The government’s pension reforms are welcome, but they unfairly discriminate against many NHS staff. By Finn O’Dwyer-Cunliffe
In recent months a longstanding NHS pension problem entered the spotlight and became a pension crisis. We’ve now reached a welcome if critical juncture in this story with government departments actively seeking a solution.
NHS Providers has been vocal in its warnings over the annual allowance tax issue, which – while undoubtedly creating issues for other public sector services – has introduced a perverse incentive for senior doctors in particular to reduce their working hours or retire early, and discouraged many NHS staff from seeking career advancement. That has had a demonstrable and damaging impact leading to longer delays for patients, and growing waiting lists.
So it was good to see the proposals published this week by the Department of Health Social Care and the Treasury including measures to allow senior clinicians in the NHS pension scheme to adjust their contribution rates. But while this is a good step forward, it does not solve pension problems for all NHS staff. Not by a long shot.
Exclusions are not fair
The proposed flexibilities for pension contributions apply only to senior staff on clinical contracts and therefore exclude NHS managers and staff on lower pay. The government is taking a huge risk by excluding these groups from its thinking.

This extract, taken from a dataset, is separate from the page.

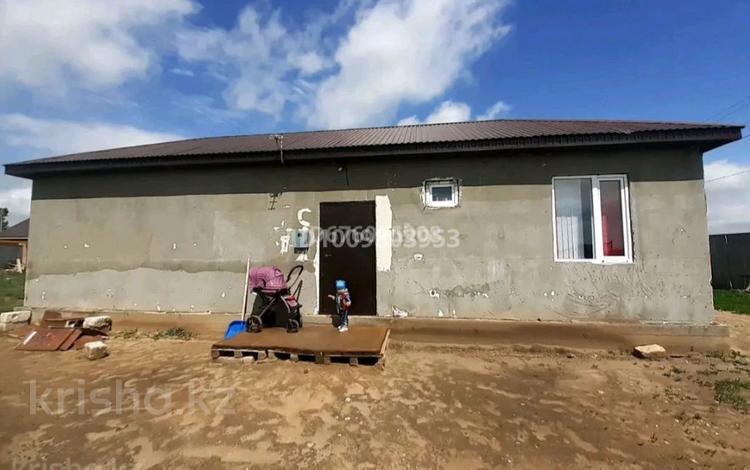 Отдельный дом · 2 комнаты · 65 м² · 10 сот., мкр 41-й разъезд, Мкр 41-й разъезд Акан сері 35 за 16 млн 〒 в Актобе — фото 2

The progress made for senior clinicians through these new proposals is welcome but there is a risk of alienating other groups if we do not address this issue quickly and fairly.
Leaving managers out of this proposal is short-termism at its worst and some directors say they have been left feeling like second class citizens in the NHS as a result. Like many consultants, senior managers including those with board level responsibilities are being faced with tens of thousands of pounds in unpredictable annual tax bills as a result of the current pension rules, with many considering whether to quit the pension scheme or leave the NHS altogether.

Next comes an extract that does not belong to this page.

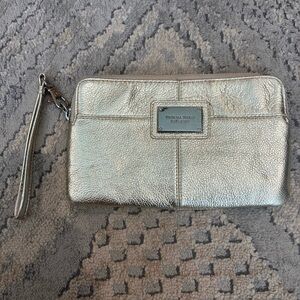Tignanello Gold Metallic Pebble Leather Wristlet Bag Organizer Built In Wallet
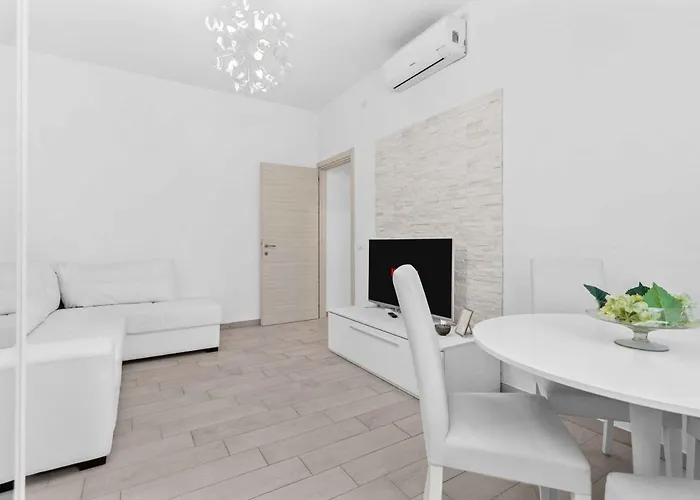 Lägenhet - Parking And Free Wifi *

It is easy to overlook the role of managers in providing safe and effective care across the country, but talented individuals willing and able to step up to these challenging leadership roles are central to the running of large and complex organisations, typically managing several thousand staff within a single trust, and a budget that could range from £150m to £1.5bn.

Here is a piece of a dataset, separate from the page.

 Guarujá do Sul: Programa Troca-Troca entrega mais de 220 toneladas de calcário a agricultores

The NHS has considerable difficulties attracting people to leadership roles and retaining those who can make a real impact. A report by The King’s Fund and NHS Providers last year found that one in three trusts have a vacancy on their board and around half of directors currently working in the service have been in post for less than two years.
There’s good evidence linking continuity of trust leadership to quality of services. So it’s puzzling that managers have been left out of current proposals. We can’t afford to lose more NHS managers to the private sector, where conditions around pay and pensions are likely to be more flexible. And we should do what we can to encourage clinicians to step up to leadership positions, where they have been shown to play a key role in improving safety and quality of care.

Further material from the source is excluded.